Second what Cannibal typed.
The Western US can have large temperature swings over the course of an evening and night due to low air humidity and high elevation. Mosquitoes and black flies can be terrible as the snowpack melts off soggy subalpine areas in evening and morning in late spring and early summer. Once the sun drops, the temperature drops quickly too, perhaps to freezing which makes the PeaPod necessary.
Example: this trip report. Temps got down to about 34 F so I had to ditch the Hennessy with "Super Shelter" and cower with the dog in his tiny little silnylon tarp-tent with no foam pad underneath. Luckily, the bugs were surprisingly almost non-existent which is highly unusual; got lucky. But...they could've been bad. Hence, PeaPod used with a big net for a different trip with similar conditions.

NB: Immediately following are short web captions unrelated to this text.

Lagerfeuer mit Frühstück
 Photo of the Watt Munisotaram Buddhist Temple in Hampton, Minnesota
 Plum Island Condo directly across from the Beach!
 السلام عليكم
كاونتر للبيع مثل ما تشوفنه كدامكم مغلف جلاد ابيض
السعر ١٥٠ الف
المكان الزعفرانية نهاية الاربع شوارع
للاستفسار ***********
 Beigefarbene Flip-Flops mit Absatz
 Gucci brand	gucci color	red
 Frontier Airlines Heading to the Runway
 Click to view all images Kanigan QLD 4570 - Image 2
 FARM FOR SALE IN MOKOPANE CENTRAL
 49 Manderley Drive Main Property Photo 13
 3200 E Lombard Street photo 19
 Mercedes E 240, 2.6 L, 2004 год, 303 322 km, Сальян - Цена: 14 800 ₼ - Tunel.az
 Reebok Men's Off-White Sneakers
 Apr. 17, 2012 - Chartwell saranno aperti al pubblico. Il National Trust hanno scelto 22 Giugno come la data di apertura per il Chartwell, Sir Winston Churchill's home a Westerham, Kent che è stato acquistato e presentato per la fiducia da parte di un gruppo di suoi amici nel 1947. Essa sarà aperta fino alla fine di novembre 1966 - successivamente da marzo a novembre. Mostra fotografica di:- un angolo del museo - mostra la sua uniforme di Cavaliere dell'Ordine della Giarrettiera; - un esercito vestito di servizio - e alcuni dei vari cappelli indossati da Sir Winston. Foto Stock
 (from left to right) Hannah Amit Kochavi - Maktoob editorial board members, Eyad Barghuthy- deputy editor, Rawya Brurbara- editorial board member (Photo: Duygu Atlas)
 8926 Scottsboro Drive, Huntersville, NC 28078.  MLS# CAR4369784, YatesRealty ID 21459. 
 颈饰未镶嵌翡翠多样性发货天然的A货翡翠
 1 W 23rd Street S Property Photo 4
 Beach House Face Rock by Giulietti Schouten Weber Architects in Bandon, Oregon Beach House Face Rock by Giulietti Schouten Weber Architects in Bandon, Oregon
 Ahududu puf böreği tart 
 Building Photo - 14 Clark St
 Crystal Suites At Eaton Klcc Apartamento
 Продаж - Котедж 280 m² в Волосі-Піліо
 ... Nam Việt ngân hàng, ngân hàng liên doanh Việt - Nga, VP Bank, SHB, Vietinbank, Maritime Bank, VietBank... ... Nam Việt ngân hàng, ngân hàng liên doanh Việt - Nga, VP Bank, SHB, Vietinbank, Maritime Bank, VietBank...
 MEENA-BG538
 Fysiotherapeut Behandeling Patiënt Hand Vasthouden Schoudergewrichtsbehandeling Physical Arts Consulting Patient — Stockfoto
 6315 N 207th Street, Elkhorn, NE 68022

I cut approx 13" off the bottom and just hemmed the cut. The net drapes just fine over the hammock with enough contact against the edge of the hammock to keep the skeeters out (as tested acouple of days ago in Mass on the AT). Entry/exit is easy as there is no more bottom to the net. I thought of removing the zipper to save weight but it makes it easier to load stuff (bag, pad, misc gear) into the hammock. The hammock has beem treated w/bug stuff and I use a pad so there has been no probs w/skeeters getting me in the back.
Adding on late to this thread--but... One small problem is that the channel for the hammock lines tends to pull open. Two answers have worked. One is small locking knot to keep the plastic cord lock in place. Of course that can get tough to untie. Another option is to sew velcro into the channel and let that serve as the closure around the hammock cord.
Hedgehogs! Why can't they just share the hedge?